- **Task goal**: Transcribe the line that contains "Before applying this" and every line after it to the end of the records, exactly and nothing else. Skip the pictures.
- Opening Delimiter -
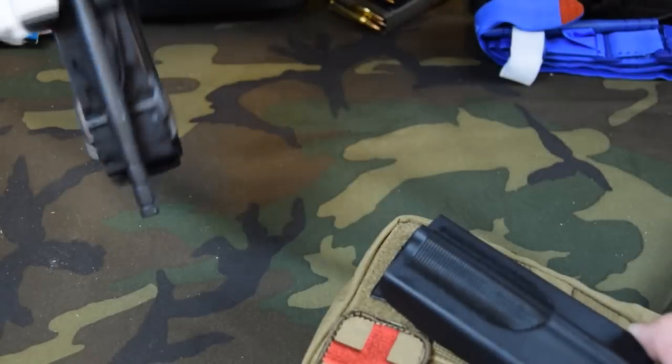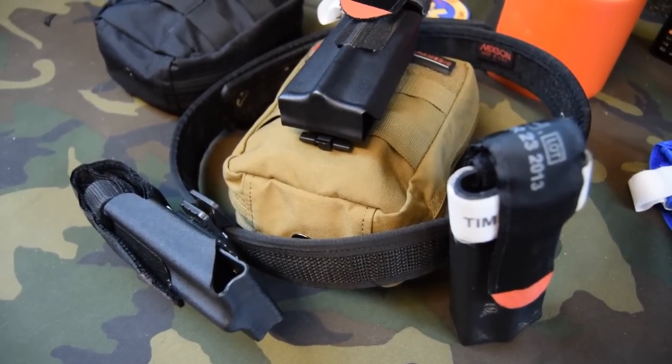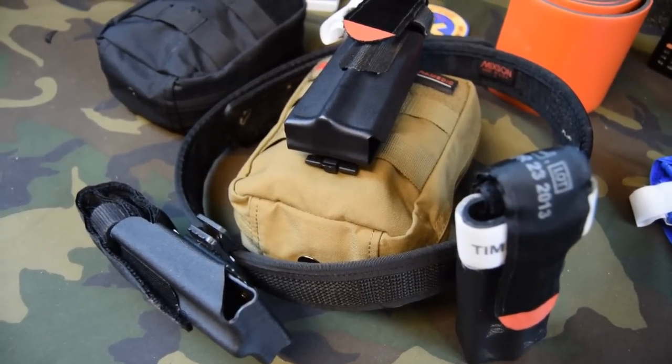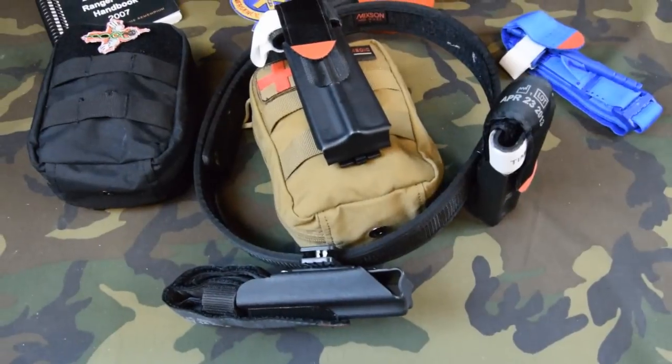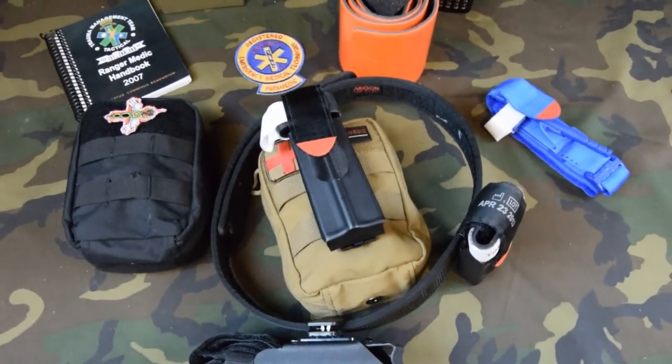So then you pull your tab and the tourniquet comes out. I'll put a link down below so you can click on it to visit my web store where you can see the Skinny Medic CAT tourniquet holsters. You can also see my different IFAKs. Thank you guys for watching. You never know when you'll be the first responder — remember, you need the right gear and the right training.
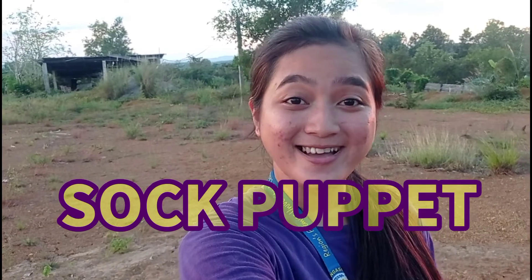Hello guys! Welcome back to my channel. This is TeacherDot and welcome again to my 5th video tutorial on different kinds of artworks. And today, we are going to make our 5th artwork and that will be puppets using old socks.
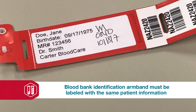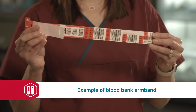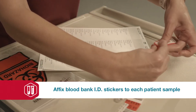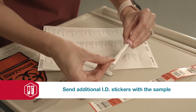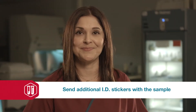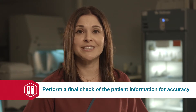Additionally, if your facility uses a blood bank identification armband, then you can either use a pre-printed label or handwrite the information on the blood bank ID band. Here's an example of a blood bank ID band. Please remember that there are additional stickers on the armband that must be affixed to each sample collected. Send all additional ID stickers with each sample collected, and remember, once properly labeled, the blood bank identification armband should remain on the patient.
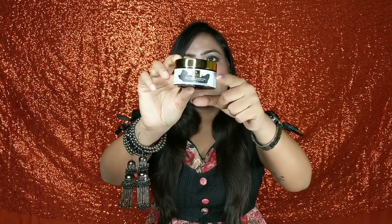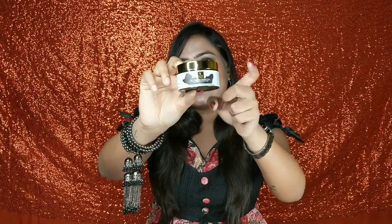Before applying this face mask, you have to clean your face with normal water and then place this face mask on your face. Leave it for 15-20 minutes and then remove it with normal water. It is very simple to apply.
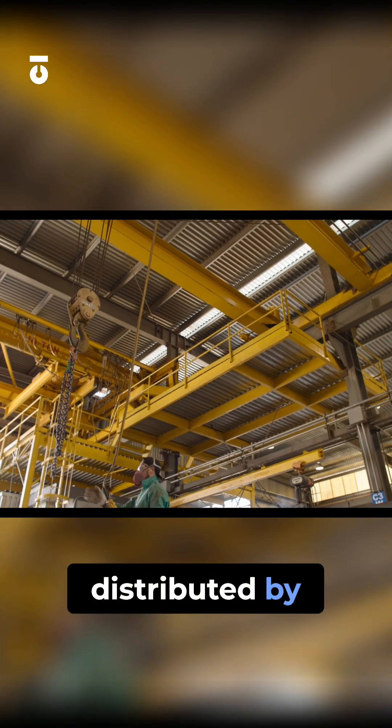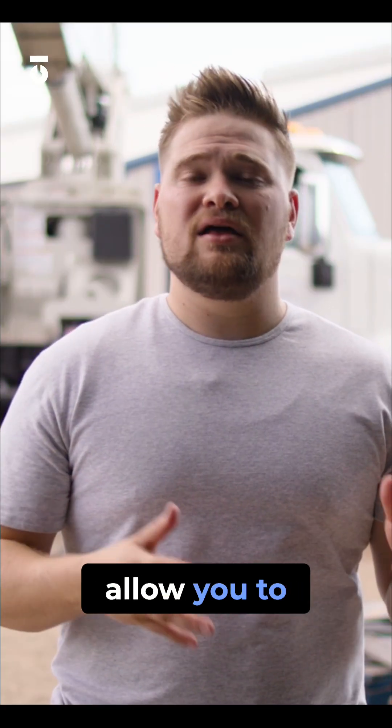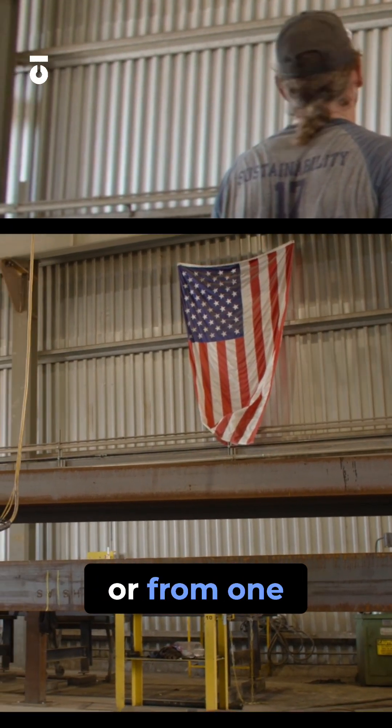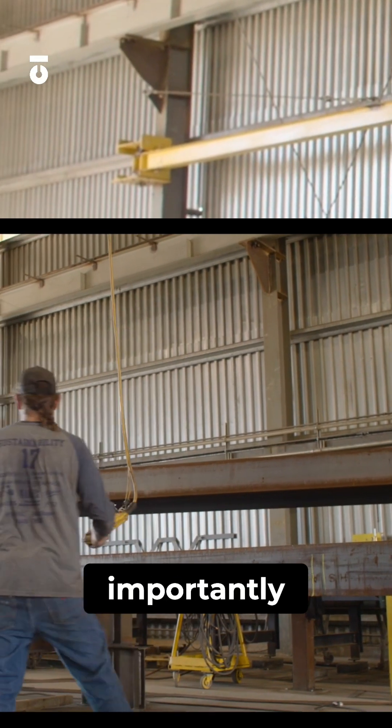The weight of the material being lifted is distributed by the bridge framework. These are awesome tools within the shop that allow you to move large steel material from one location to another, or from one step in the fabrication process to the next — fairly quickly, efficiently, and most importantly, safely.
- Closing Delimiter -
- **Solved problem**:
Before applying this face mask, you have to clean your face with normal water and then place this face mask on your face. Leave it for 15-20 minutes and then remove it with normal water. It is very simple to apply.
The weight of the material being lifted is distributed by the bridge framework. These are awesome tools within the shop that allow you to move large steel material from one location to another, or from one step in the fabrication process to the next — fairly quickly, efficiently, and most importantly, safely.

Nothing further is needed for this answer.